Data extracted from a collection
##########

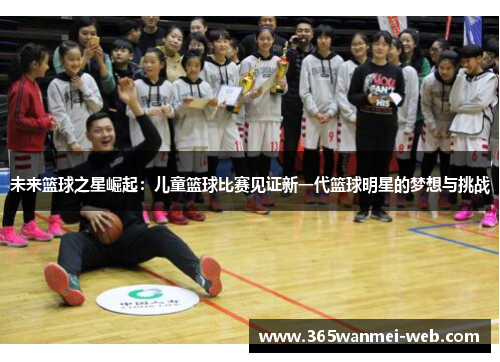 未来篮球之星崛起：儿童篮球比赛见证新一代篮球明星的梦想与挑战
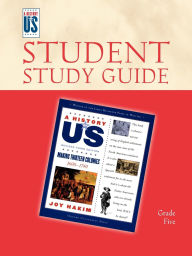 Title: Making Thirteen Colonies: Elementary Grades Student Study Guide (A History of US Series #2), Author: Joy Hakim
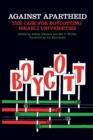Image for Against Apartheid  : the case for boycotting Israeli universities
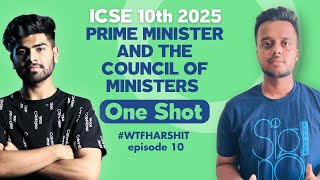 Prime Minister and the Council of Ministers  One Shot ICSE Class 10  wtfharshit  ICSE 2025 [upl. by Mutua290]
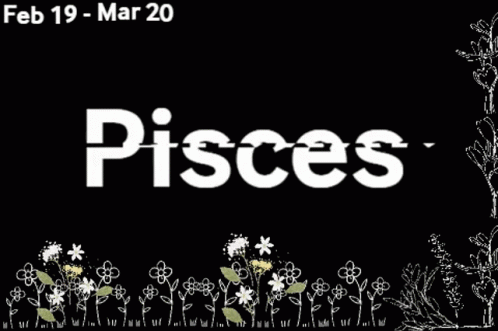 The Word Pisces Is On A Black Background With White Flowers GIF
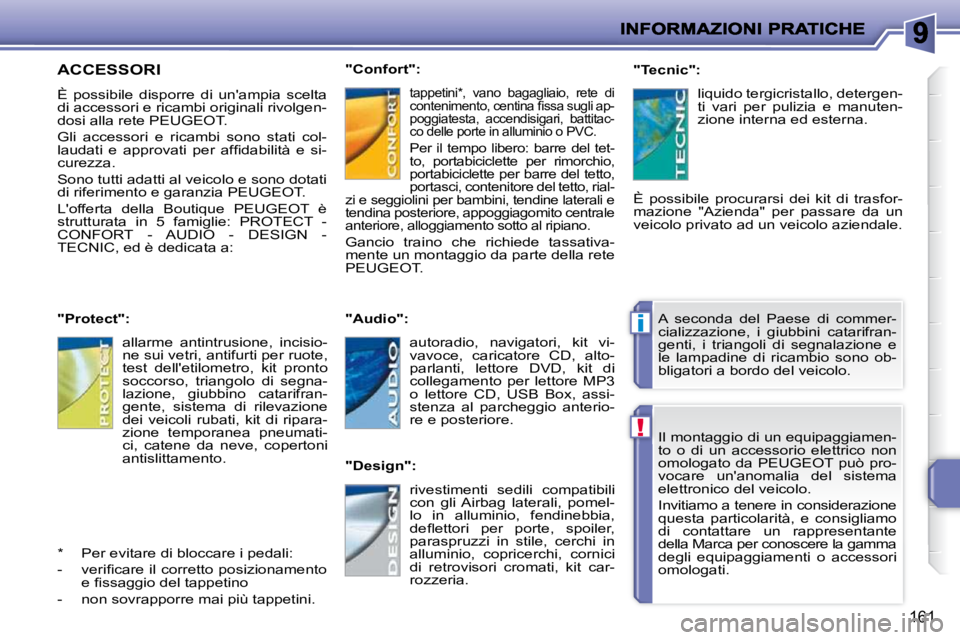 PEUGEOT 207 2009  Manuale duso (in Italian) !
i
161
 Il montaggio di un equipaggiamen- 
to  o  di  un  accessorio  elettrico  non 
omologato  da  PEUGEOT  può  pro-
vocare  unanomalia  del  sistema 
elettronico del veicolo.  
 Invitiamo a ten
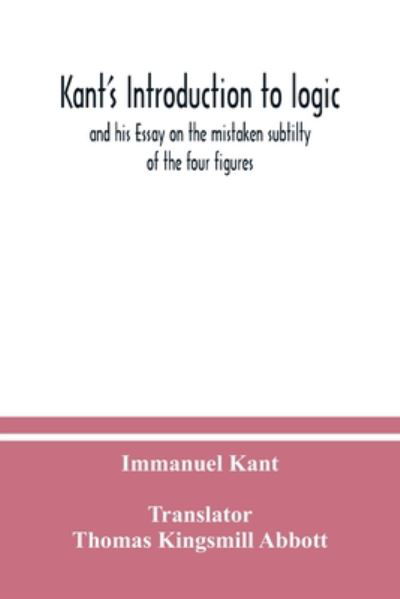 Kant's Introduction to logic - Immanuel Kant - Bücher - Alpha Editions - 9789354037337 - 10. Juli 2020
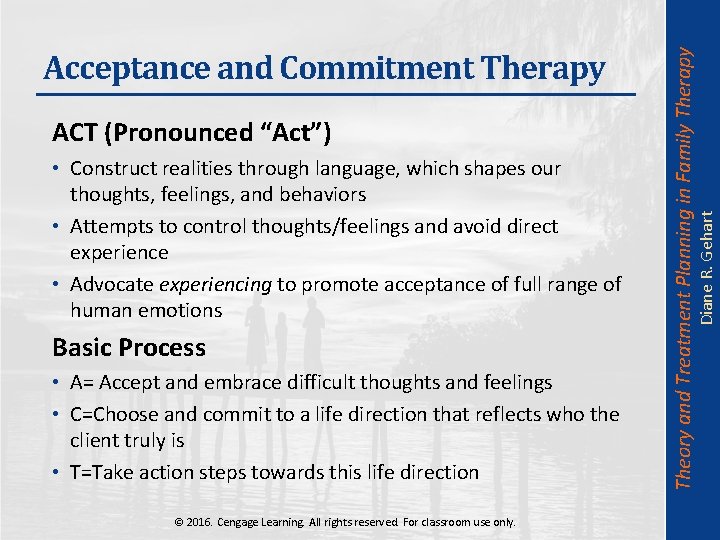  • Construct realities through language, which shapes our thoughts, feelings, and behaviors •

##########

-- What to do --
Output the line that contains "Prime Minister and" and every subsequent line through the end of the entries, exactly as given, without pictures.

-- Answer area --
 Prime Minister and the Council of Ministers  One Shot ICSE Class 10  wtfharshit  ICSE 2025 [upl. by Mutua290]
 The Word Pisces Is On A Black Background With White Flowers GIF
 PEUGEOT 207 2009  Manuale duso (in Italian) !
i
161
 Il montaggio di un equipaggiamen- 
to  o  di  un  accessorio  elettrico  non 
omologato  da  PEUGEOT  può  pro-
vocare  unanomalia  del  sistema 
elettronico del veicolo.  
 Invitiamo a ten
 Kant's Introduction to logic - Immanuel Kant - Bücher - Alpha Editions - 9789354037337 - 10. Juli 2020
  • Construct realities through language, which shapes our thoughts, feelings, and behaviors •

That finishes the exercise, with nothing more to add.